Princesse Véronique Murat : La reine Catherine de Mingrélie était honorée par le tsar à Saint Pétersbourg avant que celui-ci ne la mette en résidence surveillée. Elle avait réussi à quitter le pays pour s’établir en France où elle espérait obtenir l’appui de l’empereur Napoléon III afin que son royaume redevienne indépendant.
Elle s’est très bien entendue avec l’impératrice Eugénie qu’elle connaissait en fait avant que celle-ci ne soit l’épouse de Napoléon III.
Prince Alain Murat : La reine Catherine (ci-dessus) était établie avec une cour de 80 personnes au Louvre et aux Tuileries. Nous sommes alors en pleine période post guerre de Crimée.
Princesse Véronique Murat : Le premier prince de Mingrélie fut en 1143. La famille fit fortune grâce à l’or et aux droits de passage car c’était la route de la soie. On n’imagine pas mais encore en 1914-1918, Tbilissi était un lieu de passages pour cette fameuse route de la soie avec des caravanes comptant des chameaux !
Prince Alain Murat : La reine Catherine est accompagnée par sa fille la princesse Salomé. Il est alors décidé de favoriser un mariage entre la princesse et la famille impériale. Par extension, le choix se porte sur le prince Achille Murat qui est le petit-fils du prince Joachim Murat et de la princesse Caroline Bonaparte, sœur de l’empereur Napoléon I.

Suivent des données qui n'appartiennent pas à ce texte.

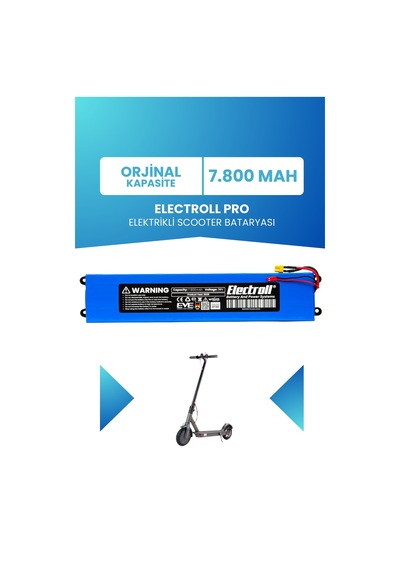 Electroll Pro Uyumlu Batarya Standart Kapasite 36v 7800mah Elektrikli Scooter Bataryası Çok Renkli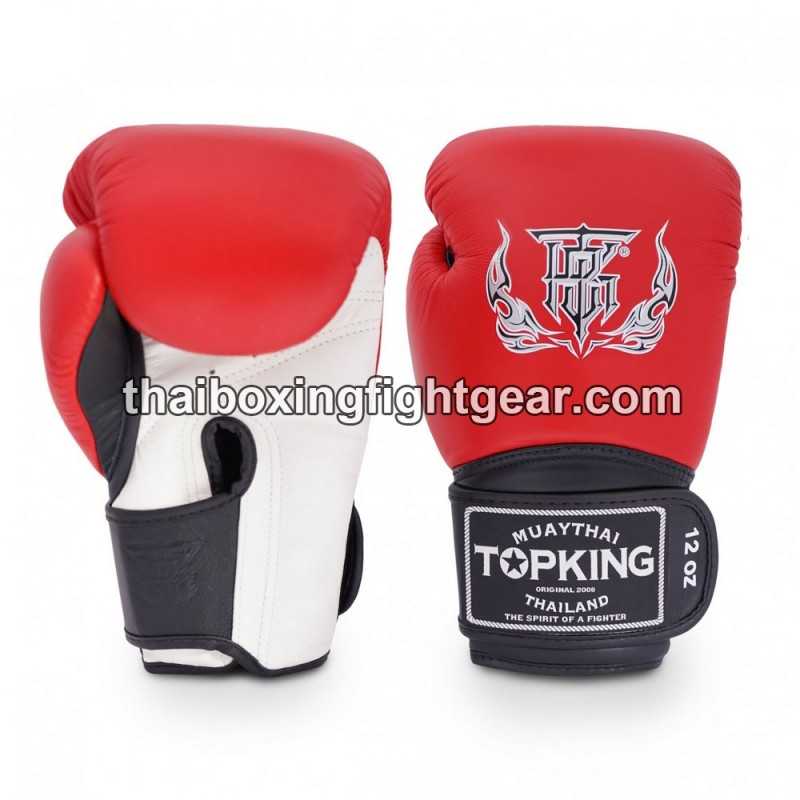 Boxhandschuhe TOP KING SUPER TRIPLE TONE-TKBGSV Rot Weiß Schwarz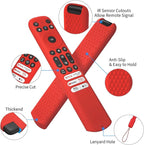 Hi Color Silicone Cover for TCL RC813 FMB1/RC923/RC902V Remote Protective Case Sleeve for TCL Smart TV Remote RC813 FMB1 Case Cover(red)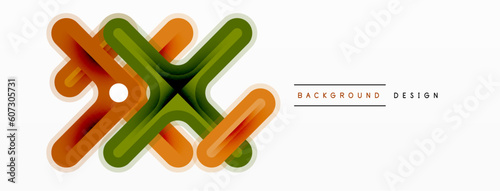 Minimal geometric background cross line. Design for wallpaper, banner, background, landing page, wall art, invitation, prints, posters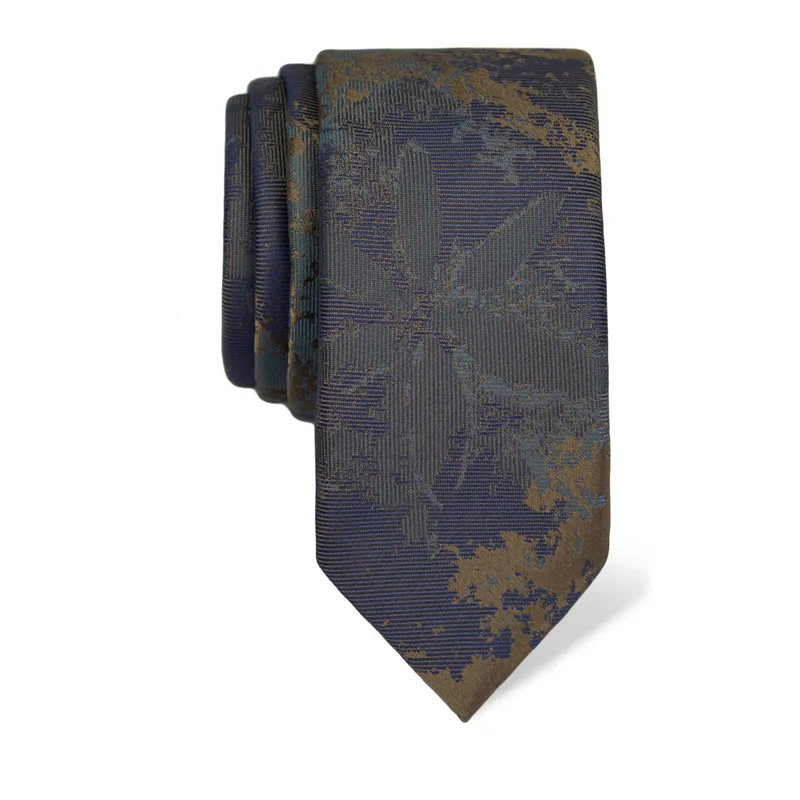 Cravat CROATA Thematic  Water fountain Blue  Silk 100%  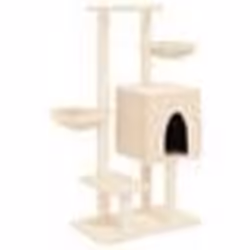vidaXL Arbre à chat avec griffoirs en sisal crème 117 cm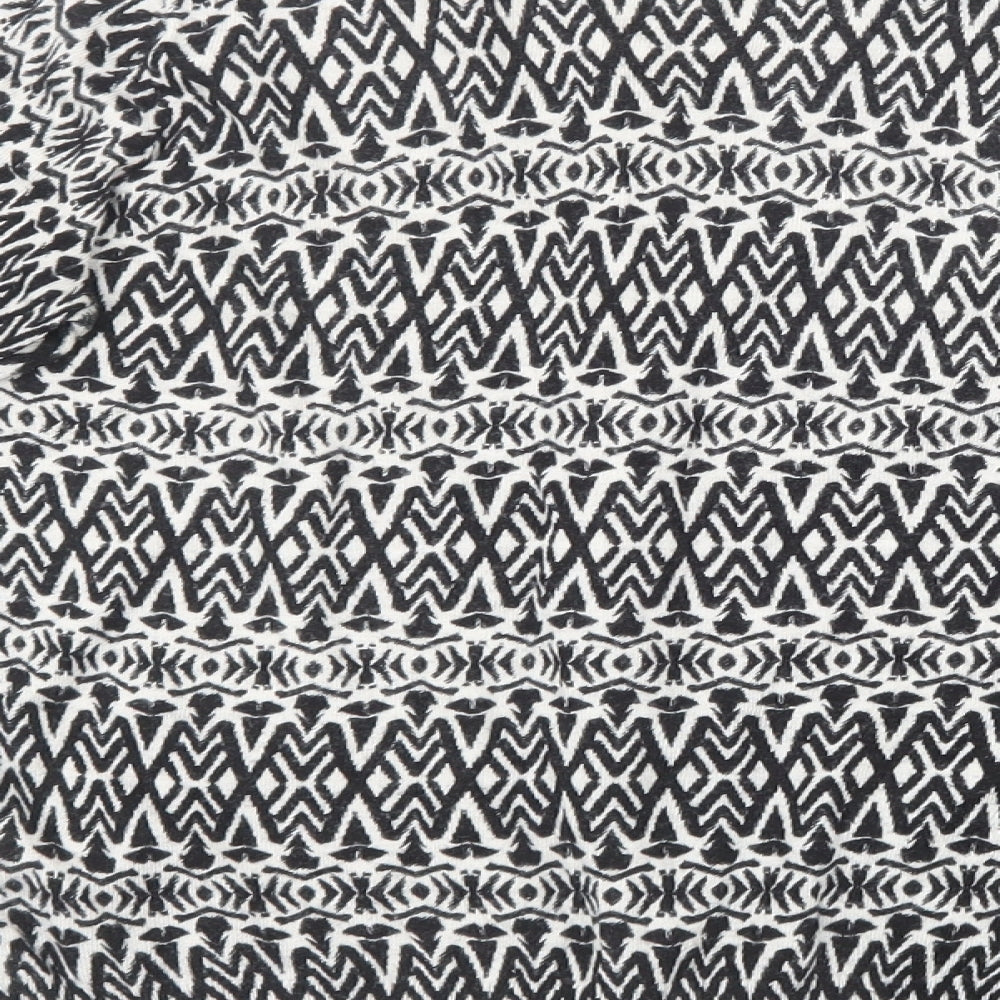 Marks and Spencer Womens Black Geometric Cardigan Jumper Size 8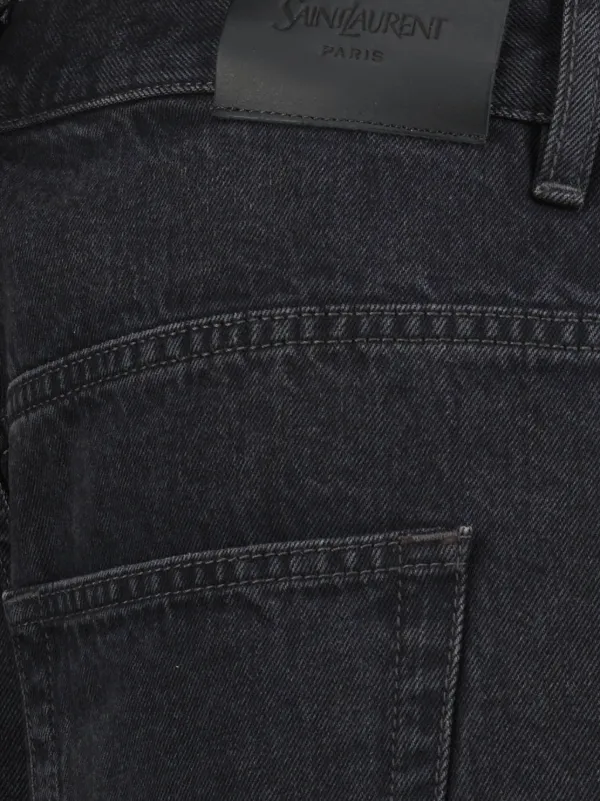 SAINT LAURENT ブラック ショートパンツ 1933456823.jpg?1733657349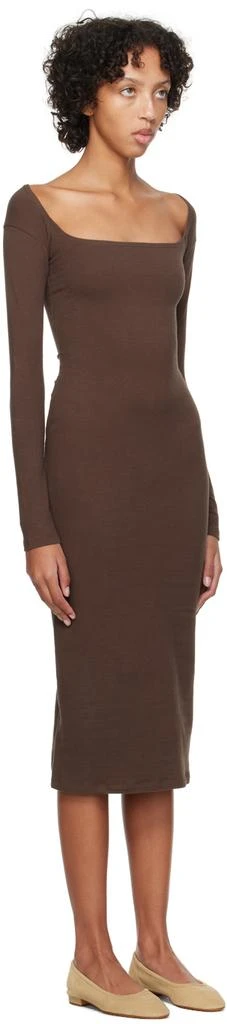 商品Gil Rodriguez|Brown 'El Tigre' Midi Dress,价格¥1082,第2张图片详细描述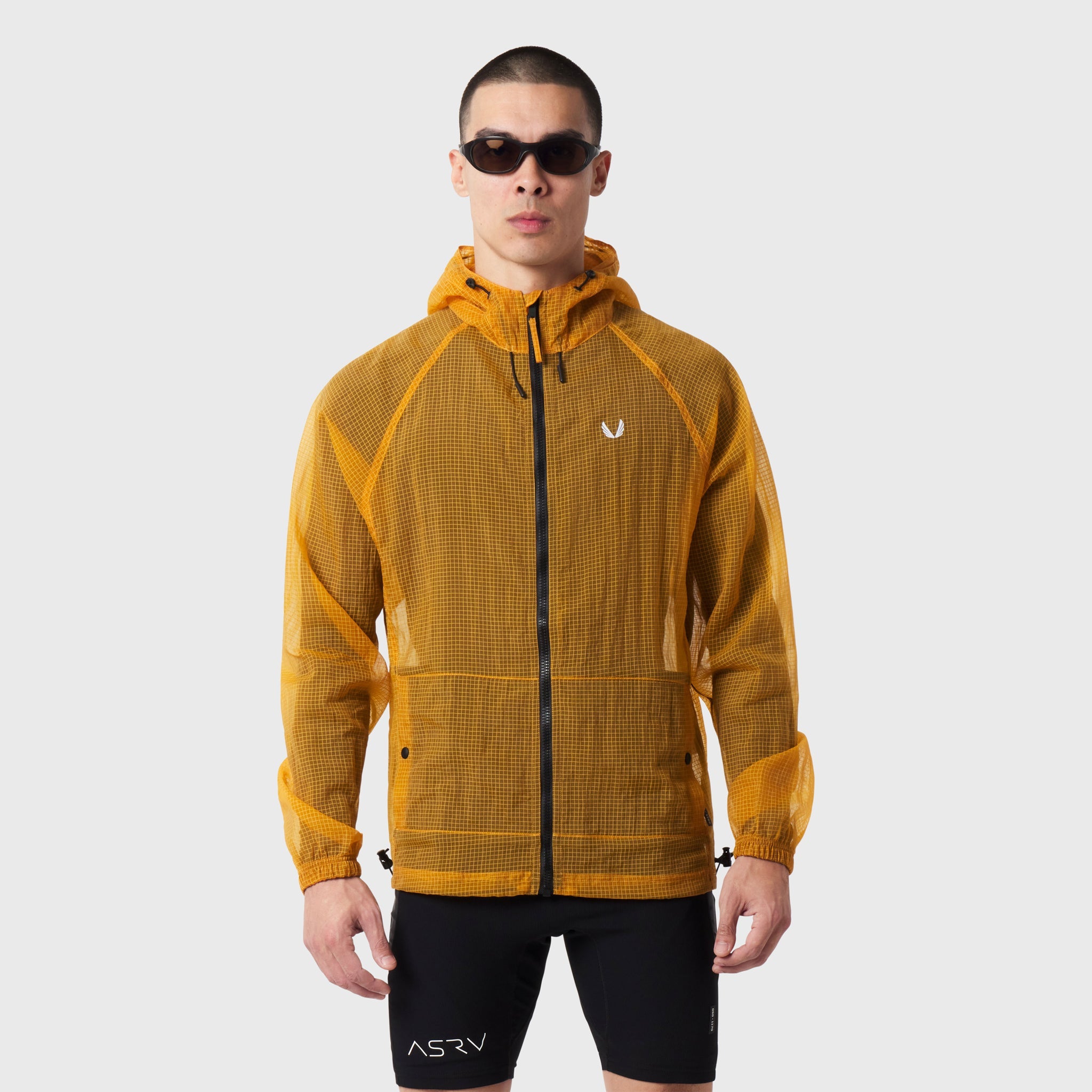 Weather-Ready Transparent Ripstop Shell Jacket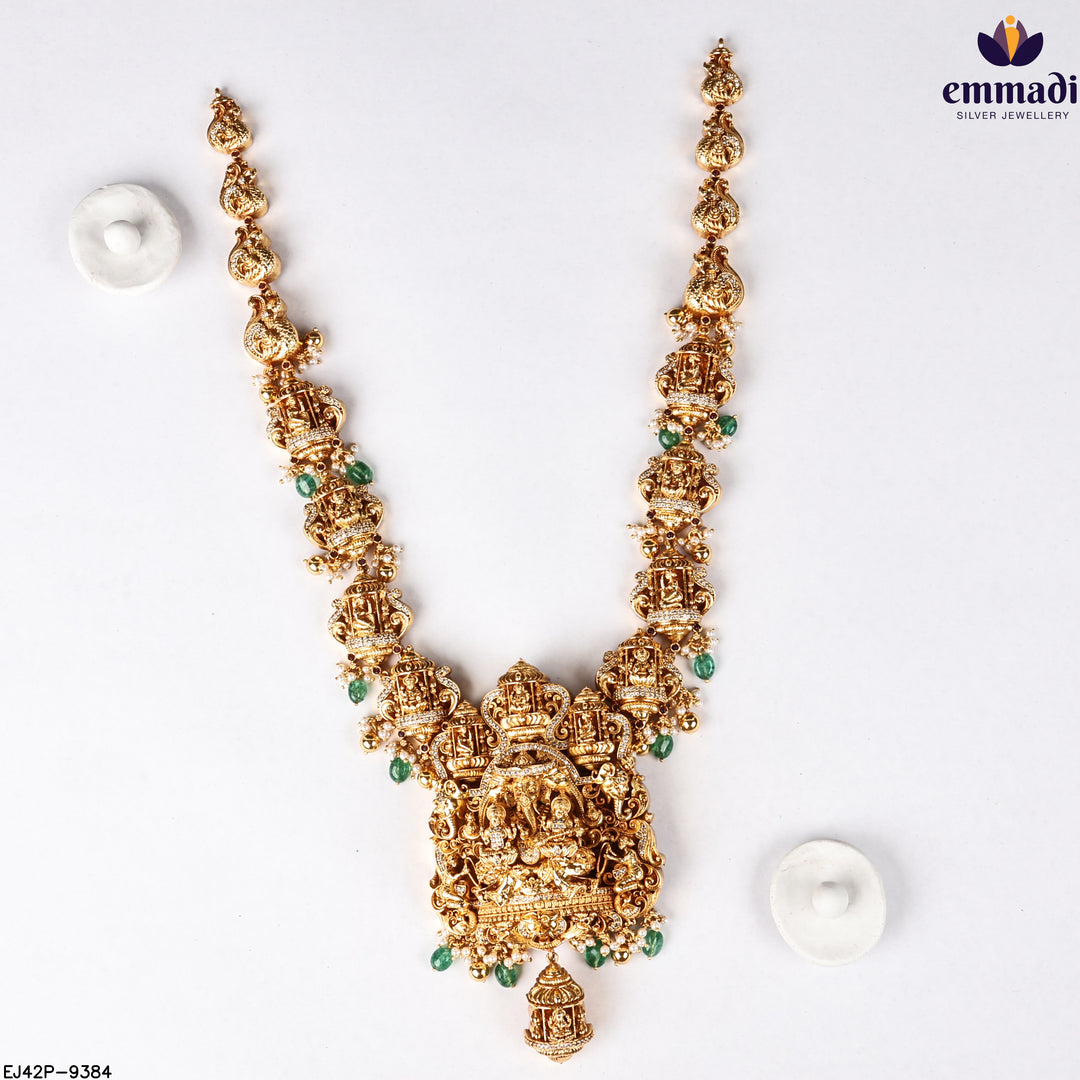 Long Necklace Premium Nakshi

C’est clairement un mariage arrangé mais qui fonctionnera. Les noces sont célébrées à Paris en 1868.
Noblesse et Royautés : Comment se passe l’installation du prince Achille et de la princesse Salomé en Mingrélie ?
Prince Alain Murat : Dans un premier temps, le couple princier vit à Paris puis très fidèle à l’empereur, le suit dans son exil en Angleterre. Achille Murat sert en tant qu’aide de camp de l’empereur Napoléon III. A son décès, il est décidé de s’installer en Mingrélie.
Princesse Véronique Murat : La reine Catherine avait eu trois enfants. Elle est la dernière souveraine régnante de Mingrélie, annexée par le tsar Alexandre II. Son fils Nicolas (ci-dessus) a renoncé à ses droits en 1867 et s’est rapproché du tsar. Il n’a ensuite forcément plus mis un pied en Mingrélie. Son autre fils ne s’est pas marié et n’a pas eu de descendance. le prince Nicolas eut un fils également prénommé Nicolas qui mourut, sans descendance, de faim et de soif dans les prisons Mencheviks de Saint Pétersbourg en 1917.
La seule et unique descendance est donc celle de sa fille la princesse Salomé Dadiani et de son époux le prince Achille Murat.
Prince Alain Murat : En 1876, Achille et Salomé avec leurs enfants viennent à Zougdidi ancienne capitale du royaume de Mingrélie. Ils viennent clairement pour prendre possession de cet héritage centenaire et des propriétés.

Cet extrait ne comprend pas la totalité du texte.